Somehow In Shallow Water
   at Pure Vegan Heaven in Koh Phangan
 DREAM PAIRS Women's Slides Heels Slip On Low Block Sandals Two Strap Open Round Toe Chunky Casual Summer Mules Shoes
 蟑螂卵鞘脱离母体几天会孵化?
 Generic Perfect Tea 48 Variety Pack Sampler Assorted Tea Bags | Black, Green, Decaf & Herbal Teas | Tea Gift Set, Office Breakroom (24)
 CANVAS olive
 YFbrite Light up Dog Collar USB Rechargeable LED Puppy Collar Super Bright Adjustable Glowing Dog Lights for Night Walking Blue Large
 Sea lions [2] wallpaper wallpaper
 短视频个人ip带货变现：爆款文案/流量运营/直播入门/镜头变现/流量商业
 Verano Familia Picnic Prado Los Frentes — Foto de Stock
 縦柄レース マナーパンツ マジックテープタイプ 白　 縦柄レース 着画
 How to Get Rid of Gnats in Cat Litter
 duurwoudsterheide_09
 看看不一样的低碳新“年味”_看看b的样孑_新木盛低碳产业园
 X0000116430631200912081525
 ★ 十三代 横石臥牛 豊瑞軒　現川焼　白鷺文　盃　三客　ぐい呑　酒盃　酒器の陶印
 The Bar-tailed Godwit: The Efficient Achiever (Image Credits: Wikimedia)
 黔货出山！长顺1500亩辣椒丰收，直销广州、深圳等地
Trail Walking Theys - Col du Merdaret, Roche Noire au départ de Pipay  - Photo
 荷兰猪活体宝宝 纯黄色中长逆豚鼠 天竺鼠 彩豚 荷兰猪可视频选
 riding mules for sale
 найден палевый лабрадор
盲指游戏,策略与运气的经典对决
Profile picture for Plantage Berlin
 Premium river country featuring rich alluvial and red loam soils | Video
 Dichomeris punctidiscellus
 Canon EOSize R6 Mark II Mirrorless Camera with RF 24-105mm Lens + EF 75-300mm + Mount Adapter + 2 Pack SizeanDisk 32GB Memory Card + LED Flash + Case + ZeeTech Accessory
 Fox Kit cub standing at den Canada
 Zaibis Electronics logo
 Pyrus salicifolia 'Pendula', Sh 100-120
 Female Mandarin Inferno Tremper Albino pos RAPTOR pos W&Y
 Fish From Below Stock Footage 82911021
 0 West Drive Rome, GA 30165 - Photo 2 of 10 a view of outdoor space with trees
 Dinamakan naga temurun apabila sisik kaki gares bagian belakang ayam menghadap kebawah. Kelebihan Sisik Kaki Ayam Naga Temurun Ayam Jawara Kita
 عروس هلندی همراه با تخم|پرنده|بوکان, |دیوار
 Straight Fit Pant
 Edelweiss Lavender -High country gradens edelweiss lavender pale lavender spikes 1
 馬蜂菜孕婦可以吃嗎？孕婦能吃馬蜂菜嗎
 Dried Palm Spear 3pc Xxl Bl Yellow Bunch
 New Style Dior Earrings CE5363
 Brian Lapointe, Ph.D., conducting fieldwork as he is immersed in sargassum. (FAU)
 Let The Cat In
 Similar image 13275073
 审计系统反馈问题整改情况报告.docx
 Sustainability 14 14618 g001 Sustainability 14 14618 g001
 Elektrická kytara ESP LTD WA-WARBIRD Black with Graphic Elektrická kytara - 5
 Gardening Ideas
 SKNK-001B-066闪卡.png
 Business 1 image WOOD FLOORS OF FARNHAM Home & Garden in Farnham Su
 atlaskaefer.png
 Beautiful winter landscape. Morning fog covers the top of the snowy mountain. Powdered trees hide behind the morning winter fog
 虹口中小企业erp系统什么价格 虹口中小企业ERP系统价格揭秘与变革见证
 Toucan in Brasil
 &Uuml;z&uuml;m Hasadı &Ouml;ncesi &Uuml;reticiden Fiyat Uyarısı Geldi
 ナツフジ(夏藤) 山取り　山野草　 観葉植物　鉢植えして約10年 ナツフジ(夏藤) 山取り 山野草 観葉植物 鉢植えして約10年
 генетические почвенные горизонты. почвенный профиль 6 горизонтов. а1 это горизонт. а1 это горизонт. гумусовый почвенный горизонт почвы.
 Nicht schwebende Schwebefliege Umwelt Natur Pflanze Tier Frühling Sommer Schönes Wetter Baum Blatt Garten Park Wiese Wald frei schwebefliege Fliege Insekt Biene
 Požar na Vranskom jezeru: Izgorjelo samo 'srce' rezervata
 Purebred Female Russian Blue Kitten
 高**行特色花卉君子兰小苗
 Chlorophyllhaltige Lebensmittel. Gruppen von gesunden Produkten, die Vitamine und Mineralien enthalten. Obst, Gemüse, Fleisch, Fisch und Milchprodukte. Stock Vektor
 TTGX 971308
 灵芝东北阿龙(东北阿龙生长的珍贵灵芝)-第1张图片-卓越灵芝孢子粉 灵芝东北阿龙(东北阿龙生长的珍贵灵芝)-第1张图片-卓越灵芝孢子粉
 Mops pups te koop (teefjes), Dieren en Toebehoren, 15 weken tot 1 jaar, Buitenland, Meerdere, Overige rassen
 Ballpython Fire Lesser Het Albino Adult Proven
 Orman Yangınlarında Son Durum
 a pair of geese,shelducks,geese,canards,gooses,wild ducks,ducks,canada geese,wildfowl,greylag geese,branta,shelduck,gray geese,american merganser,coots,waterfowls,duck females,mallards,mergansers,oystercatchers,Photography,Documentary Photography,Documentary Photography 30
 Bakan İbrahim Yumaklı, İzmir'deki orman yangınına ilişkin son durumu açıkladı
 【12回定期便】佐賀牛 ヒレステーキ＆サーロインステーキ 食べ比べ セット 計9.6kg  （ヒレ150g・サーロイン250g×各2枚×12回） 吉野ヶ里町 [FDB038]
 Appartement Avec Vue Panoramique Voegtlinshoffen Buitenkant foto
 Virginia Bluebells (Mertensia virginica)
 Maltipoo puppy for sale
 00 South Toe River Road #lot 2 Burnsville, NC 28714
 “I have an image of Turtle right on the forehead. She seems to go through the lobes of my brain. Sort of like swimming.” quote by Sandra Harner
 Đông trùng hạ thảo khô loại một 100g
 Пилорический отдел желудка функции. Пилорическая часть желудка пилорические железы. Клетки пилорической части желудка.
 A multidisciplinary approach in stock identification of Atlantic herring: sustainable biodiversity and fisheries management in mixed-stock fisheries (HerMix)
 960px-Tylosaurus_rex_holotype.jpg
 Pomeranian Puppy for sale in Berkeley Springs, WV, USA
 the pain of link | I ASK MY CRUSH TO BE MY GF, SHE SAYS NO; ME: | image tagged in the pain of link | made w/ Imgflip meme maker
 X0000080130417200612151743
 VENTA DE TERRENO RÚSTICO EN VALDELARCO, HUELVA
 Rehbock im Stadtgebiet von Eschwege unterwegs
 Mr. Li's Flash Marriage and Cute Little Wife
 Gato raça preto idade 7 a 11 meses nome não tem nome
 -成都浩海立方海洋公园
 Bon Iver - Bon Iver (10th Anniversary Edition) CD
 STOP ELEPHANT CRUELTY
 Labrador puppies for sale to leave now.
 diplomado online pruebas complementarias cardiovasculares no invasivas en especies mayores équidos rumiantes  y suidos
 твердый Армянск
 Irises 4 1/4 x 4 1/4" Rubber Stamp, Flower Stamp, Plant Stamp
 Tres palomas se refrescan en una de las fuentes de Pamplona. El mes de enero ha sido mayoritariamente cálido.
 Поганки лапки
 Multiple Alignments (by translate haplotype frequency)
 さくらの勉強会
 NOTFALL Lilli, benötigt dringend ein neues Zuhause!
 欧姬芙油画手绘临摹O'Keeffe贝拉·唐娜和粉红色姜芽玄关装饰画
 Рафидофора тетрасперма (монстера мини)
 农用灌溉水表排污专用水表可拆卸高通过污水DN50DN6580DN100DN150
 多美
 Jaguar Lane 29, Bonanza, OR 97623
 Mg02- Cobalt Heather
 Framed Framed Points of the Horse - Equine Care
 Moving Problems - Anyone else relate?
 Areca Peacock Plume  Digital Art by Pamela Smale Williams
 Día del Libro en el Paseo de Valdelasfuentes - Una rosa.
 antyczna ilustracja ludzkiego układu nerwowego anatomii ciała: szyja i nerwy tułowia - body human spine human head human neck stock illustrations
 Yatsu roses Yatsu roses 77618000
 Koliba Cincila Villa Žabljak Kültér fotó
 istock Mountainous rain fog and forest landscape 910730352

Your assignment
Keep both end lines and retype everything in the records above from the line containing "縦柄レース マナーパンツ マジックテープタイプ 白　 縦柄レース 着画" through the line containing "黔货出山！长顺1500亩辣椒丰收，直销广州、深圳等地", exactly, with nothing else.

Solution to this exercise
 縦柄レース マナーパンツ マジックテープタイプ 白　 縦柄レース 着画
 How to Get Rid of Gnats in Cat Litter
 duurwoudsterheide_09
 看看不一样的低碳新“年味”_看看b的样孑_新木盛低碳产业园
 X0000116430631200912081525
 ★ 十三代 横石臥牛 豊瑞軒　現川焼　白鷺文　盃　三客　ぐい呑　酒盃　酒器の陶印
 The Bar-tailed Godwit: The Efficient Achiever (Image Credits: Wikimedia)
 黔货出山！长顺1500亩辣椒丰收，直销广州、深圳等地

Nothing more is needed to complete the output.